Why Giant Pandas Are Born So Tiny; Short Gestation Period May Be Cause

Born pink, blind, and helpless, giant pandas typically weigh about 100 grams at birth -- the equivalent of a stick of butter. Their mothers are 900 times more massive than that. This unusual size difference has left researchers puzzled for years. With a few exceptions among animals such as echidnas and kangaroos, no other mammal newborns are so tiny relative to their mothers. No one knows why, but a Duke University study of bones across 10 species of bears and other animals finds that some of the current theories don't hold up. Duke biology professor Kathleen Smith, PhD, and her former student Peishu Li published their findings this month in the Journal of Anatomy. The article was published online on December 2, 2019 and is titled "Comparative Skeletal Anatomy of Neonatal Ursids and the Extreme Altriciality of the Giant Panda.” Baby panda skeletons are hard to come by, but the researchers were able to study the preserved remains of baby pandas born at the Smithsonian's National Zoo in Washington, D.C. The National Zoo's first panda couple, Ling-Ling and Hsing-Hsing, had five full-term cubs in the 1980s, but none of them survived long after birth.

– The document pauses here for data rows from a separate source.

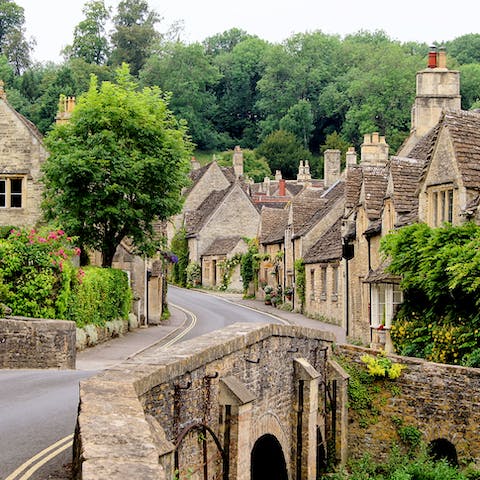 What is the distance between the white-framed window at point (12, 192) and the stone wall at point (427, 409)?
24.2 metres

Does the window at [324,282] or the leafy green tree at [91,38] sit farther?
the leafy green tree at [91,38]

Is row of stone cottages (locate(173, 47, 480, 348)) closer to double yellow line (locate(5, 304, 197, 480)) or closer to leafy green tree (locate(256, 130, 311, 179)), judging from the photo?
double yellow line (locate(5, 304, 197, 480))

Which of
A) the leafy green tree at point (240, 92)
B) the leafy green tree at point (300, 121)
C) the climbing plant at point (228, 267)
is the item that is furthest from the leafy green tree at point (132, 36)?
A: the climbing plant at point (228, 267)

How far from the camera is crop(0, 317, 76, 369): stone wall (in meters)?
25.3

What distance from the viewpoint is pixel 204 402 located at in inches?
587

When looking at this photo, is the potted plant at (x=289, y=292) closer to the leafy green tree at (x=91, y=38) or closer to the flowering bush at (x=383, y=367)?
the flowering bush at (x=383, y=367)

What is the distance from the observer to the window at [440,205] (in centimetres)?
2691

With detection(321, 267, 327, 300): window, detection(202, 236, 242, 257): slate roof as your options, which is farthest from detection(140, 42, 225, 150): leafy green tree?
detection(321, 267, 327, 300): window

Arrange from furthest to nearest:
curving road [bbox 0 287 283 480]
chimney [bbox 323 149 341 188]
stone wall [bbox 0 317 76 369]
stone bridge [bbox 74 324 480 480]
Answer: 1. chimney [bbox 323 149 341 188]
2. stone wall [bbox 0 317 76 369]
3. curving road [bbox 0 287 283 480]
4. stone bridge [bbox 74 324 480 480]

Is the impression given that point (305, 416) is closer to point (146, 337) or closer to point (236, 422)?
point (236, 422)

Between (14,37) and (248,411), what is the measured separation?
140 meters

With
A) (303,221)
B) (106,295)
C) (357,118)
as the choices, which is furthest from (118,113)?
(357,118)

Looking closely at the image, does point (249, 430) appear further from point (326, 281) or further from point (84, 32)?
point (84, 32)

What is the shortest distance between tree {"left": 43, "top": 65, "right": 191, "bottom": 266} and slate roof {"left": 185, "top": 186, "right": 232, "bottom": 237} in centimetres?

The researchers took micro-CT scans of two of those cubs, along with newborn grizzlies, sloth bears, polar bears, dogs, a fox, and other closely related animals from the Smithsonian National Museum of Natural History and the North Carolina State College of Veterinary Medicine. They used the scans to create 3-D digital models of each baby's bony interior at birth. As a baby animal grows and develops inside the womb, its bones and teeth do also. The researchers examined the degree of ossification, or how much the skeleton has formed by the time of birth.